- Available records -
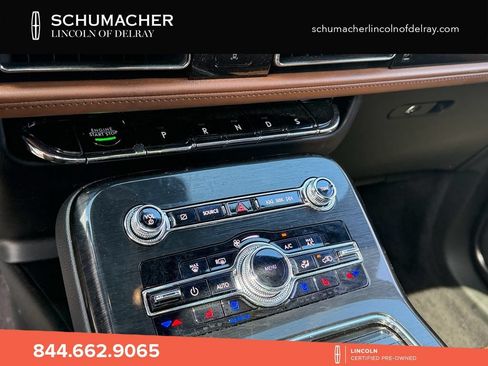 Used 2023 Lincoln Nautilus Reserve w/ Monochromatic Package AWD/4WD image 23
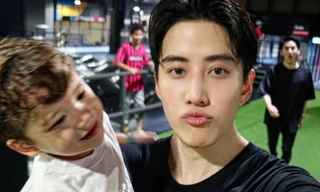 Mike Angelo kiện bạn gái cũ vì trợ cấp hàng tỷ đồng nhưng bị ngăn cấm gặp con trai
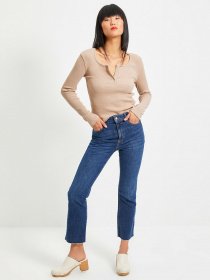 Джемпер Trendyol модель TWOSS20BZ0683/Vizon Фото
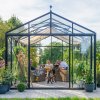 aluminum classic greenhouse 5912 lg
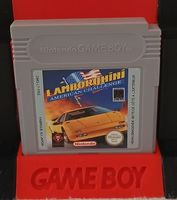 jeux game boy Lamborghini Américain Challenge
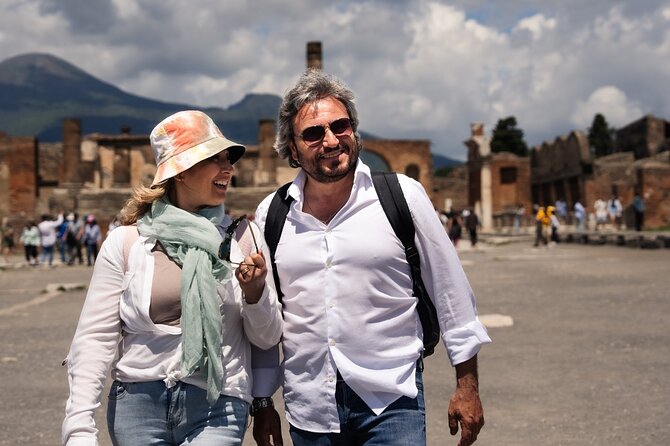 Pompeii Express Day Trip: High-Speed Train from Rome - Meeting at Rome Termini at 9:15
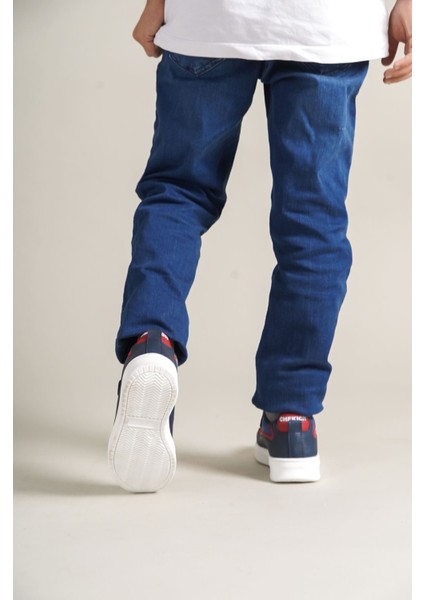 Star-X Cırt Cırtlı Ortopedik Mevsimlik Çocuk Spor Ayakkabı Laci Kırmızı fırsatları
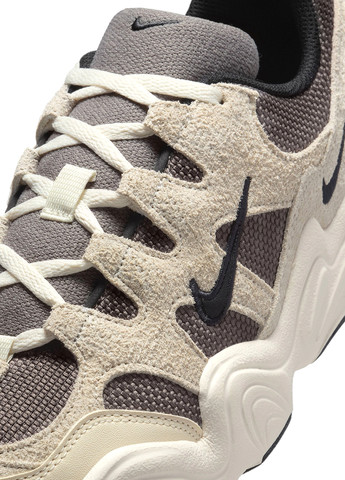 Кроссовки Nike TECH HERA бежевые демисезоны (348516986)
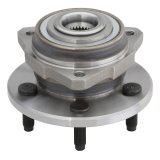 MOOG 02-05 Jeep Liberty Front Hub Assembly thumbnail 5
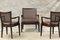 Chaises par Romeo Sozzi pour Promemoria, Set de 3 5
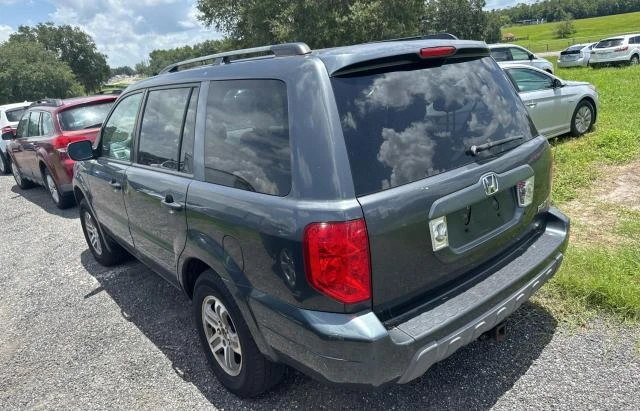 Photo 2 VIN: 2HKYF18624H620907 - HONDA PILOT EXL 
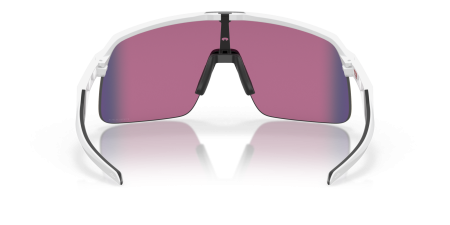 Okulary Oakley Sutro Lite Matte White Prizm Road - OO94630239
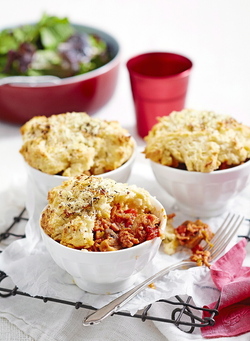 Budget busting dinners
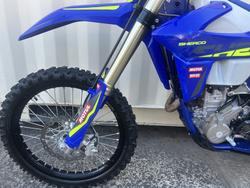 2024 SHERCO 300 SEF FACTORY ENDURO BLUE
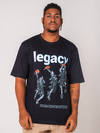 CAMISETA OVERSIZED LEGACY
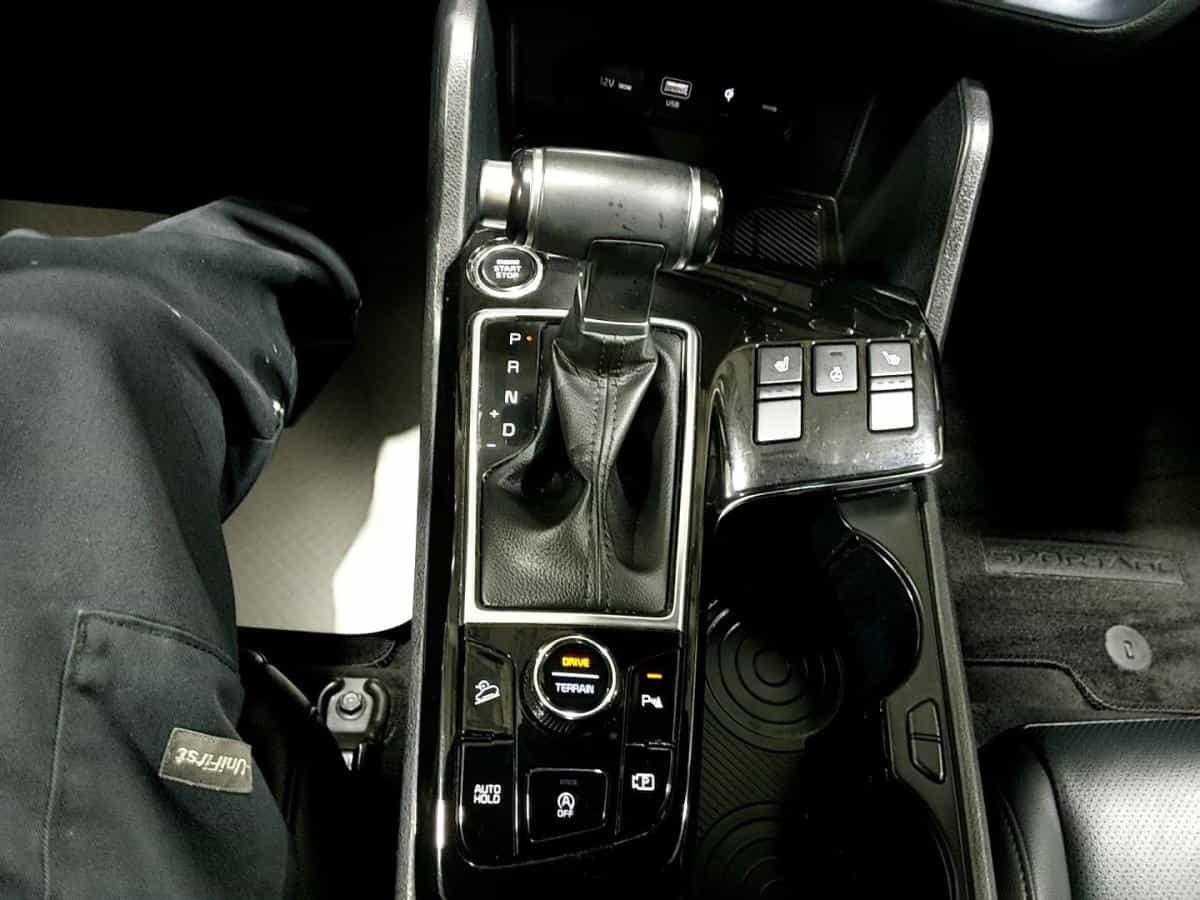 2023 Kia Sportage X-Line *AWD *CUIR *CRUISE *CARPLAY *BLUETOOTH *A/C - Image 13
--
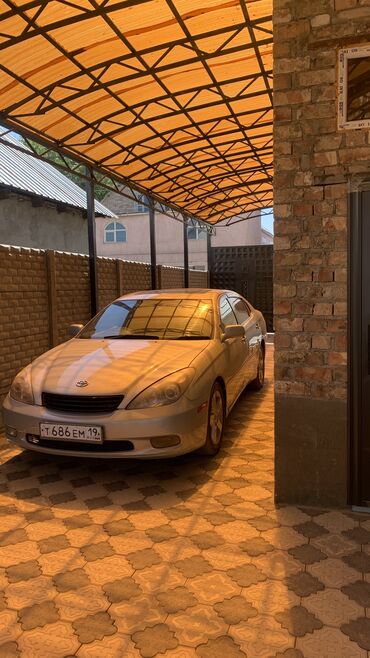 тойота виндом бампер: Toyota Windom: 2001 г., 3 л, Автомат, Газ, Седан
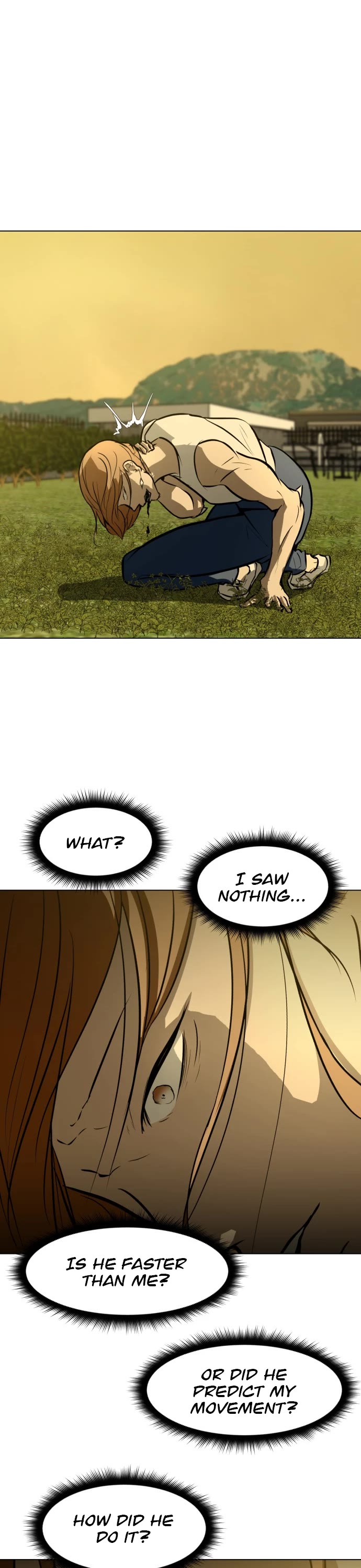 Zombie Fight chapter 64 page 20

- Directions -
Work from the entries above. Set down exactly and only the lines from the line with "Budget busting dinners" to the line with "2023 Kia Sportage", both included, and leave the pictures out.

- Task solution -
 Budget busting dinners
 2024 SHERCO 300 SEF FACTORY ENDURO BLUE
 CAMISETA OVERSIZED LEGACY
 2023 Kia Sportage X-Line *AWD *CUIR *CRUISE *CARPLAY *BLUETOOTH *A/C - Image 13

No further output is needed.